Cut back on meat, but be careful what you eat instead
MY WIFE Clare and I have gone flexitarian, aiming to be vegetarian a few days a week. We are clearly part of a trend, with a study published in the journal The Lancet Planetary Health revealing British people are eating 17% less meat, particularly red meat, than ten years ago.

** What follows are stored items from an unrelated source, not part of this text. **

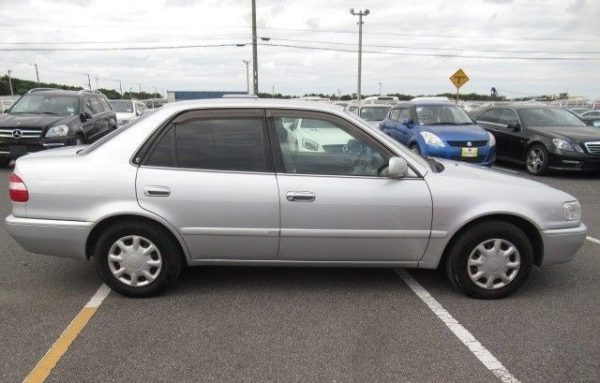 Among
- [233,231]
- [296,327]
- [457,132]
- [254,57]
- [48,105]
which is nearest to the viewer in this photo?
[296,327]

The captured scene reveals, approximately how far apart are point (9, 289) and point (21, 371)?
1.45m

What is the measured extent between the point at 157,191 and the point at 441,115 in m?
8.66

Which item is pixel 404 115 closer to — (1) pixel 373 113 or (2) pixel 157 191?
(1) pixel 373 113

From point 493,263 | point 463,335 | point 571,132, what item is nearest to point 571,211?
point 493,263

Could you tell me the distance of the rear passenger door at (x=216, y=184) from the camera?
12.1 ft

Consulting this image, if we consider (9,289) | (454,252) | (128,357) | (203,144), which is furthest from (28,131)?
(454,252)

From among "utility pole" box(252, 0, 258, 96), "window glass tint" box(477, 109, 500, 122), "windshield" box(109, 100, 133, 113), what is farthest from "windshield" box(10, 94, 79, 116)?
"utility pole" box(252, 0, 258, 96)

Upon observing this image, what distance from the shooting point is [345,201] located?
145 inches

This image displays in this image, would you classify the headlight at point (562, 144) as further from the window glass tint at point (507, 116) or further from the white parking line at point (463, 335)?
the white parking line at point (463, 335)

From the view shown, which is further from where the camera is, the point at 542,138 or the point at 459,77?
the point at 459,77

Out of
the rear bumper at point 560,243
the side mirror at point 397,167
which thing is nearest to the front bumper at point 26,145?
the side mirror at point 397,167

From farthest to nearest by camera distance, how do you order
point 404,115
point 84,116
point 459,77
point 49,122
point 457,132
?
point 459,77 < point 404,115 < point 84,116 < point 49,122 < point 457,132

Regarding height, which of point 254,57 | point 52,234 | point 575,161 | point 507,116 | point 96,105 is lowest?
point 575,161

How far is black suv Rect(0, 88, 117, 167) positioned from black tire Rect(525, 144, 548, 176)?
9663mm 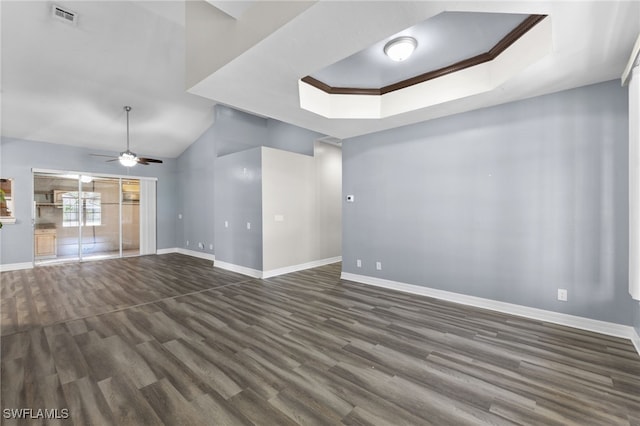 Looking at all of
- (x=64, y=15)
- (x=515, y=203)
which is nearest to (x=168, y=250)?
(x=64, y=15)

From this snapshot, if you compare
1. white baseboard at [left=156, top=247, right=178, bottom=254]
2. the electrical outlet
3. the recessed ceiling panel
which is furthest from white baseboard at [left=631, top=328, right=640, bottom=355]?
white baseboard at [left=156, top=247, right=178, bottom=254]

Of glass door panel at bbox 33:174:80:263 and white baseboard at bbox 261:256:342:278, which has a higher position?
glass door panel at bbox 33:174:80:263

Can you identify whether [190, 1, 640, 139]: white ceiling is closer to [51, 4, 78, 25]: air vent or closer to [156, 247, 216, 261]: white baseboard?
[51, 4, 78, 25]: air vent

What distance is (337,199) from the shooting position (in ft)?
23.5

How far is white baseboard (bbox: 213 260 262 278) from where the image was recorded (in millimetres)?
5676

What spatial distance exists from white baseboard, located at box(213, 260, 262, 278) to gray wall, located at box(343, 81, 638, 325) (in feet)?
8.18

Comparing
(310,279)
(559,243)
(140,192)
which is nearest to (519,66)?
(559,243)

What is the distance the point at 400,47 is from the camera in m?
2.88

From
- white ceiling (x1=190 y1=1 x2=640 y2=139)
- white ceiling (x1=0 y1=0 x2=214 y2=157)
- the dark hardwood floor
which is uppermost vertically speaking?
white ceiling (x1=0 y1=0 x2=214 y2=157)

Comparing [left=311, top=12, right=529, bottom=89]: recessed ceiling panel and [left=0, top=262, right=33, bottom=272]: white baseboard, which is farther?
[left=0, top=262, right=33, bottom=272]: white baseboard

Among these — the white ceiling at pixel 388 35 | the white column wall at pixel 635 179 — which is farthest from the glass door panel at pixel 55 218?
the white column wall at pixel 635 179

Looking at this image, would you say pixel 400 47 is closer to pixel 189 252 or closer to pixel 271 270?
pixel 271 270

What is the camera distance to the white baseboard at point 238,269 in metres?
5.68

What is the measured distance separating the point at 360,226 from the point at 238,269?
9.95 feet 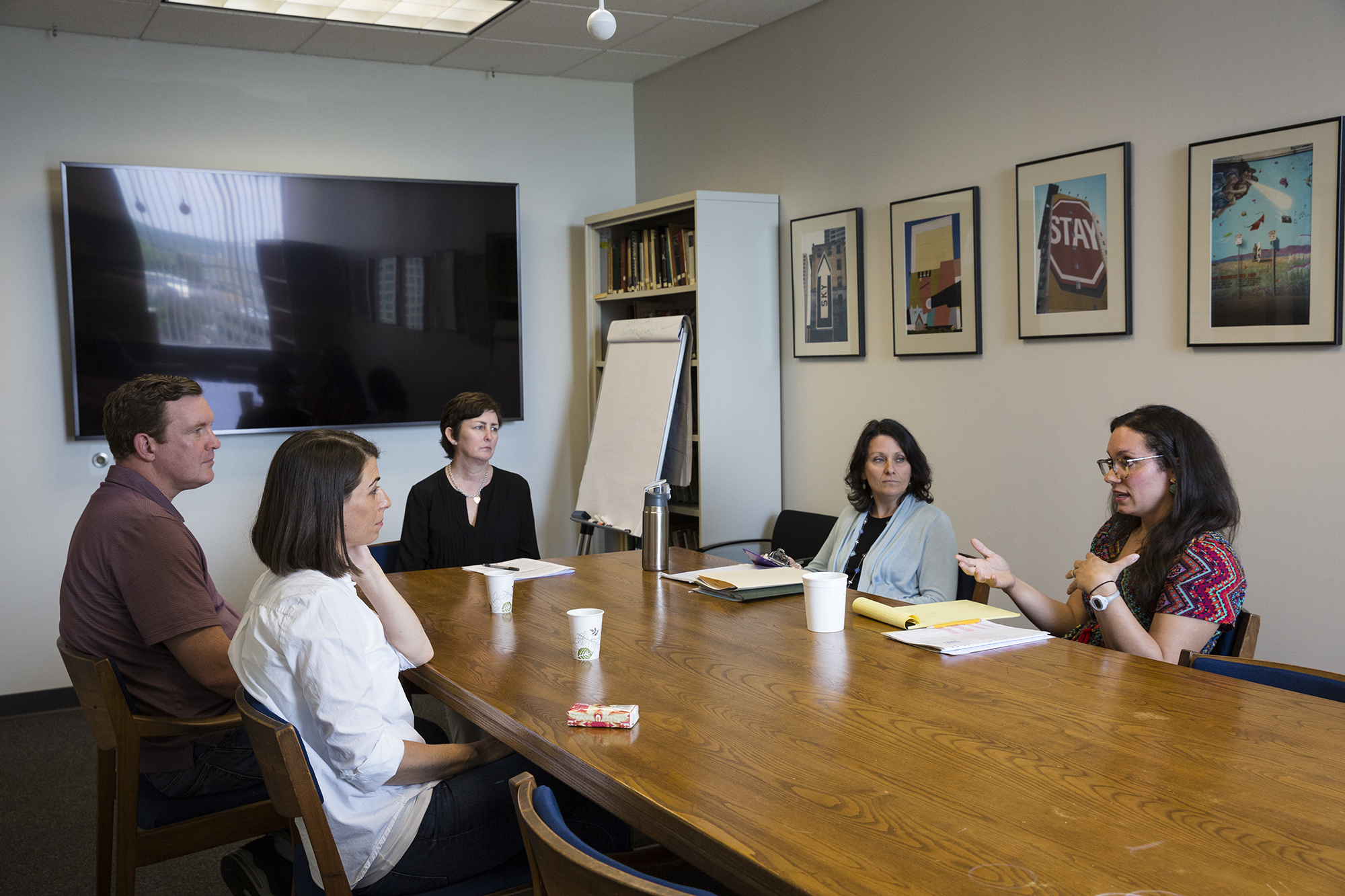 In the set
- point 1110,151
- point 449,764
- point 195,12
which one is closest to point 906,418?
point 1110,151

But while there are ethical and environmental reasons for cutting back on meat, I’m not convinced there are good health reasons, particularly as many people replace it with ultra-processed foods, which are bad for our hearts and waists, and therefore our brains. It’s the sort of food, produced in factories from cheap ingredients, that is increasingly being targeted at the vegetarian and vegan market. Just because a vegan sausage roll is plant-based doesn’t mean it is healthy. This, is what my friend Professor Giles Yeo of Cambridge University, an obesity expert, calls ‘ultraprocessed food with good PR’.
A study published this year on the eating habits of more than 21,000 French adults found that vegetarians and vegans eat a higher percentage of their diet in the form of ultra-processed food than fish or meat eaters do. This is unfortunate, as vegetarians and vegans tend to have higher rates of depression, and eating ultra-processed food (which is low in nutrients and high in fat and sugar) will make it worse.
So if you’re cutting back on meat, don’t turn to convenience foods – cook from scratch and stay topped up with the vitamins and minerals that come with meat, such as iron, vitamin B12 and omega fatty acids (you can take supplements or look for foods such as edamame beans for iron, nutritional yeast for B12 and seaweed).